Nostradamus first began publishing his one thousand quatrain-prophecies in 1555, a grueling project that would only come to completion two years after his death in 1568. Our scene jumps to nearly 450 years later. In a daring feat of necromancy, Travis Macdonald’s new book, N7ostradamus, exhumes the language of the most notorious of French seers and infuses it with the still-living spirit of the N+7 substitution method – a machine first employed by the French Oulipo movement back in the 1960’s but one whose gears, as things turn out, still have significant teeth. (The gist of N+7 is to replace each noun in a text with the noun that follows it, seven entries later, in a dictionary). The end result is a piece of divination so quirky and perfectly-toned for our time that it has far more credible sooth to say than the original text ever could.
Certainty VI Question 71
When they will come to give the last roaches to the great Kink
Before he has entirely given up the giggle:
He who will come to grieve over him the least,
Through Liquidizers, Earners, cross-question cruises sold.

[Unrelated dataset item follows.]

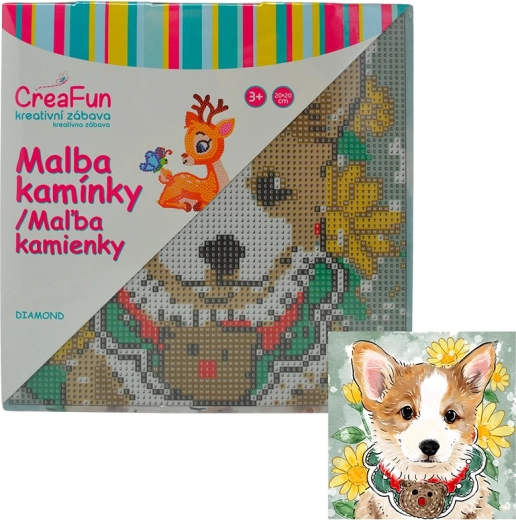 Gyémántfestés – rajzolt kiskutya 20 × 20 cm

This future that Macdonald predicts through this text is simultaneously mundane, shocking, terrifying, and absurd – thus begging the question, how does it differ from our current epoch? If history has taught us anything, it is that time renders all predictions absurd. “Peace in our time?” We live in an era where wars are frequently orchestrated to prevent still more wars and people set oceans on fire to protect the environment. As the great adage says, you can’t make this stuff up. In a very real sense, then, the greatest value of N7ostradamus is in its timeliness, a timeliness driven by its ability to modulate a sense of playfulness and humor while never deviating from the original text’s overarching sense of horror. Macdonald has no qualms about introducing Nostradamus to a “desktop” or introducing the reader to a “Razor-billed Auk” that “will exterminate all who oppose him”. Welcome to our new century, sir. Here “No peanut agreed upon will be kept” and “homicide layers become worse”. And, moreover, starting with 2008:
Shanty license will be proclaimed everywhere.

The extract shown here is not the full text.